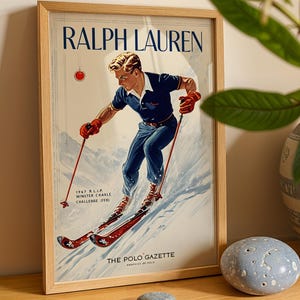 Portada de revista de esquí vintage de Ralph Lauren, arte mural elegante, decoración de oficina, impresión de estilo retro de los años 70, moda, póster de la cueva del hombre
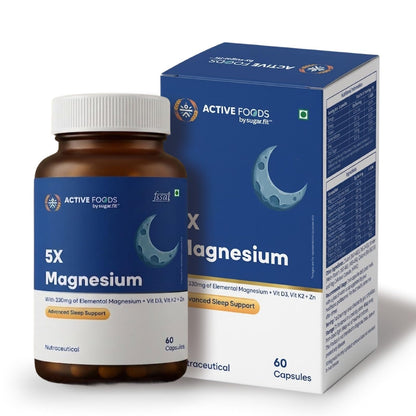 Active Foods 5X Magnesium Capsules, 330mg Elemental Magnesium with Vit D3, Vit K2 + Zn, Advanced Sleep Support, Muscle & Nerve Function, Bone Health, Metabolic & Energy Support, Immunity, 60 Capsules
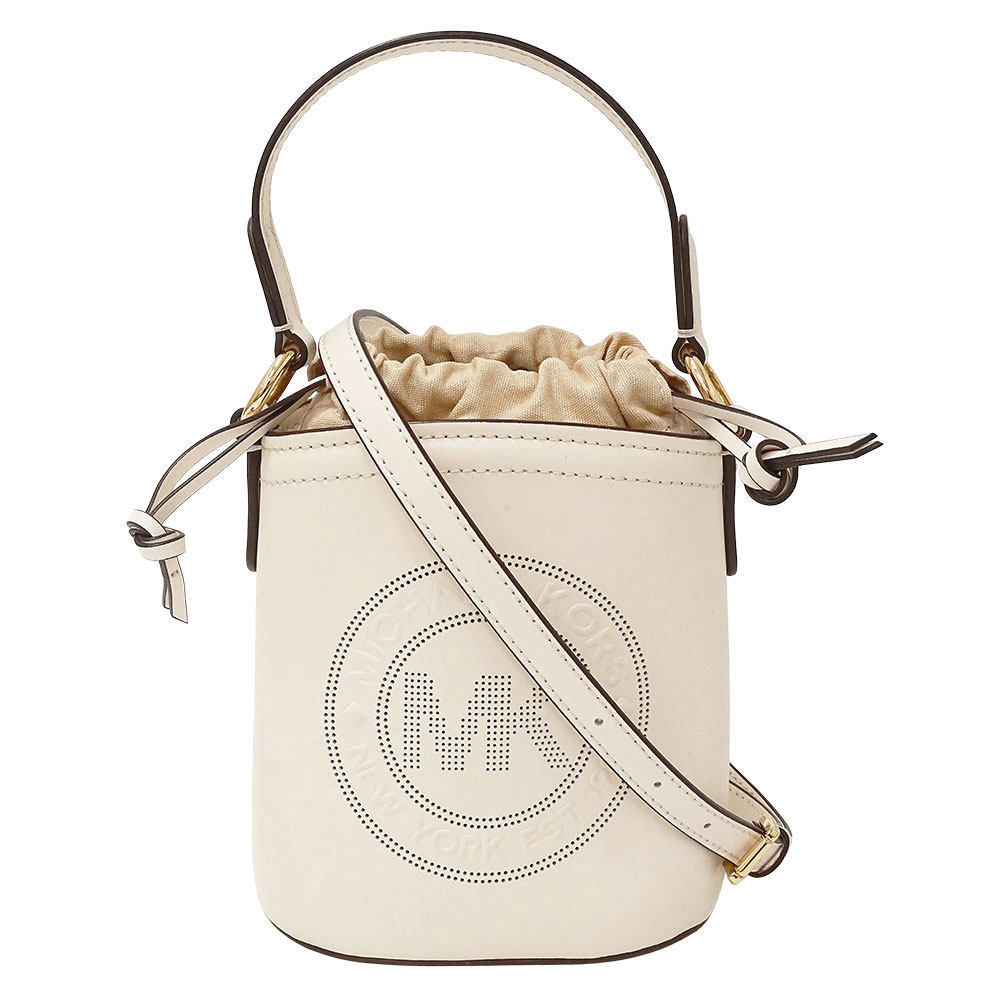 マイケル・コース Michael Kors バッグ レディース ブランド ハンドバッグ ショルダーバッグ 2way レザー キャンバス スモールバケットバッグ アイボリー ベージュ 35T1GUWC5I 手持ち 肩掛け おしゃれ 巾着 可愛い ロゴ 【中古】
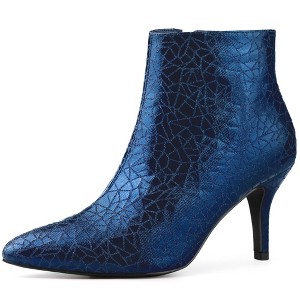 Allegra K Women's Pointed Toe Sparkly Stiletto Heels Ankle Boots - 1 of 4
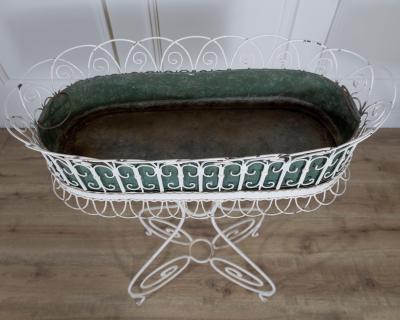 Wrought Iron Planter with Scrollwork Stand 20th Century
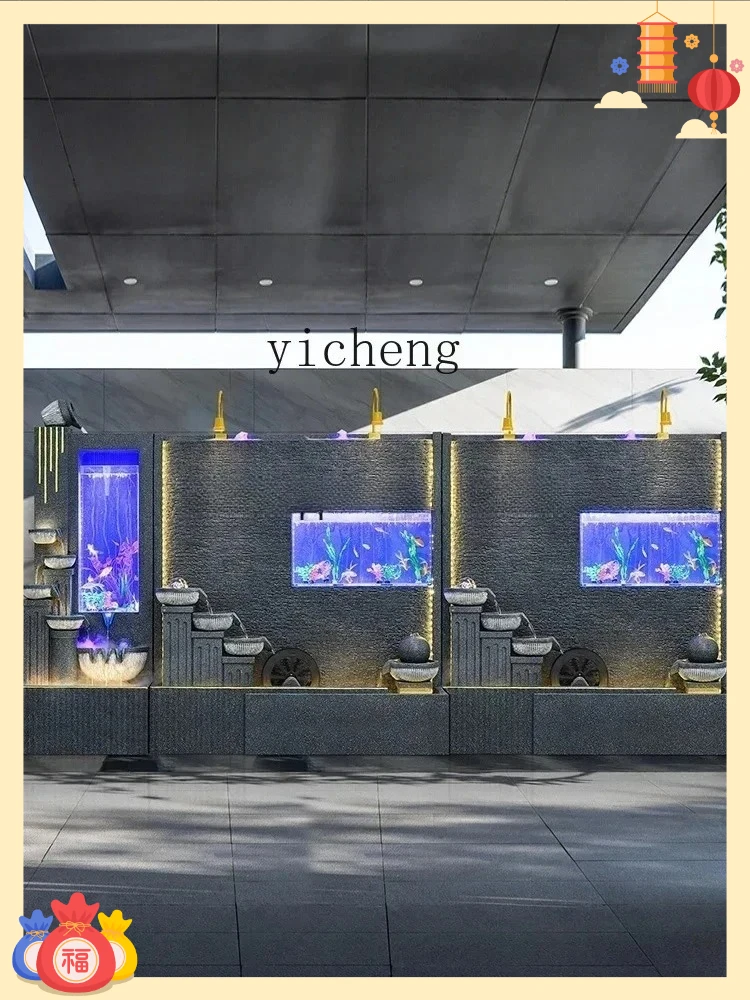 L12-creative water curtain wall flowing water ornament courtyard outdoor water feature fish tank screen circulating  decoration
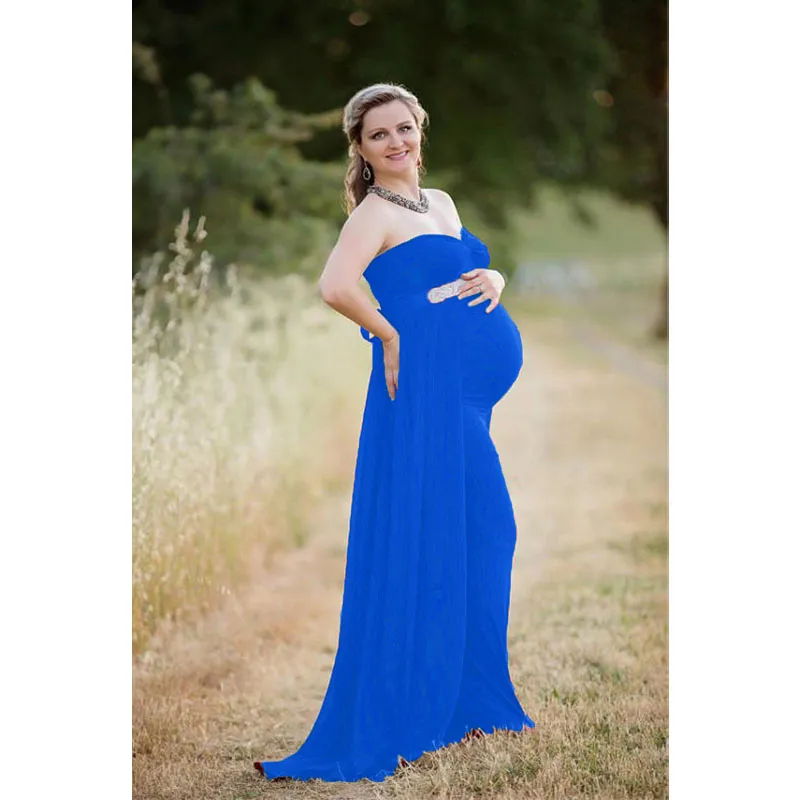 Abito Premaman Elegante Maxi Lungo Con Spalle Scoperte E Spacco – Per Servizio Fotografico, Matrimonio E Festa (Taglia XL)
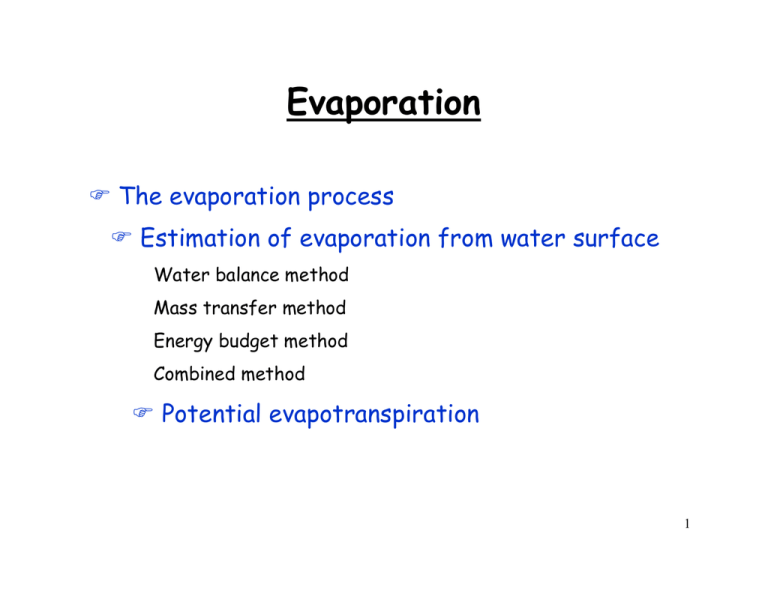 Evaporation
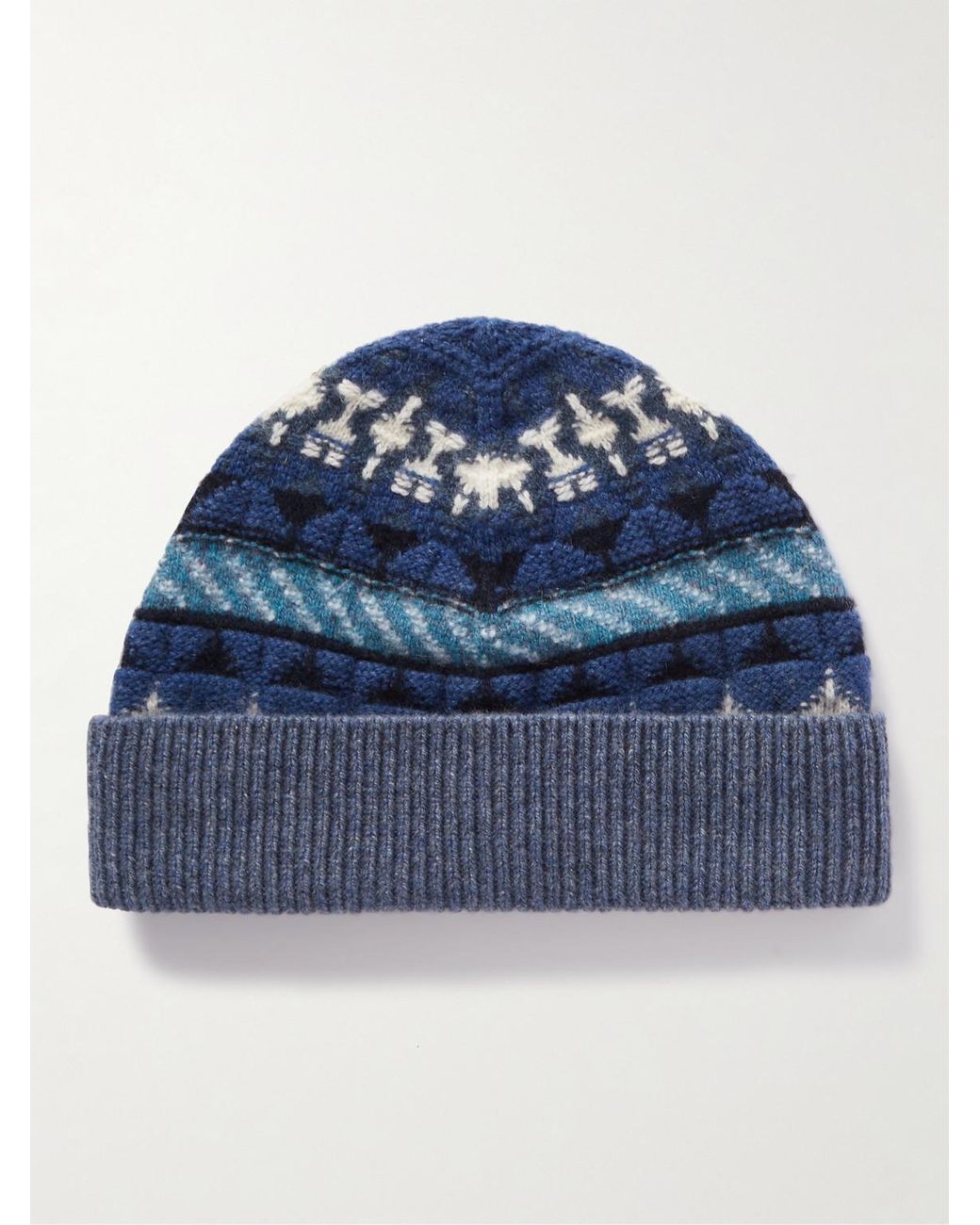 Loro Piana Noel Fair Isle Cashmere Beanie in Blue for Men | Lyst UK
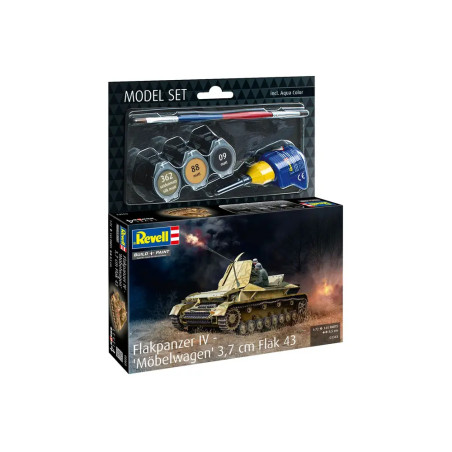 Revell Flakpanzer IV Modellbausatz inklusive Farben, Pinsel und Kleber in der Verpackung.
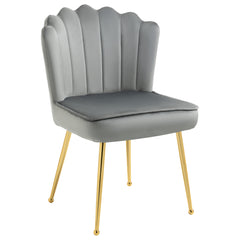 Kozy Velvet-Feel Shell Accent Chair - Grey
════════════════════
— Requirement —
Give an exact copy of the listing above that leaves out every picture.

— Answer to the problem —
 Portada de revista de esquí vintage de Ralph Lauren, arte mural elegante, decoración de oficina, impresión de estilo retro de los años 70, moda, póster de la cueva del hombre
 Active Foods 5X Magnesium Capsules, 330mg Elemental Magnesium with Vit D3, Vit K2 + Zn, Advanced Sleep Support, Muscle & Nerve Function, Bone Health, Metabolic & Energy Support, Immunity, 60 Capsules
 マイケル・コース Michael Kors バッグ レディース ブランド ハンドバッグ ショルダーバッグ 2way レザー キャンバス スモールバケットバッグ アイボリー ベージュ 35T1GUWC5I 手持ち 肩掛け おしゃれ 巾着 可愛い ロゴ 【中古】
 Allegra K Women's Pointed Toe Sparkly Stiletto Heels Ankle Boots - 1 of 4
 Wrought Iron Planter with Scrollwork Stand 20th Century
 L12-creative water curtain wall flowing water ornament courtyard outdoor water feature fish tank screen circulating  decoration
 Abito Premaman Elegante Maxi Lungo Con Spalle Scoperte E Spacco – Per Servizio Fotografico, Matrimonio E Festa (Taglia XL)
 Evaporation
 Loro Piana Noel Fair Isle Cashmere Beanie in Blue for Men | Lyst UK
 Revell Flakpanzer IV Modellbausatz inklusive Farben, Pinsel und Kleber in der Verpackung.
 Kozy Velvet-Feel Shell Accent Chair - Grey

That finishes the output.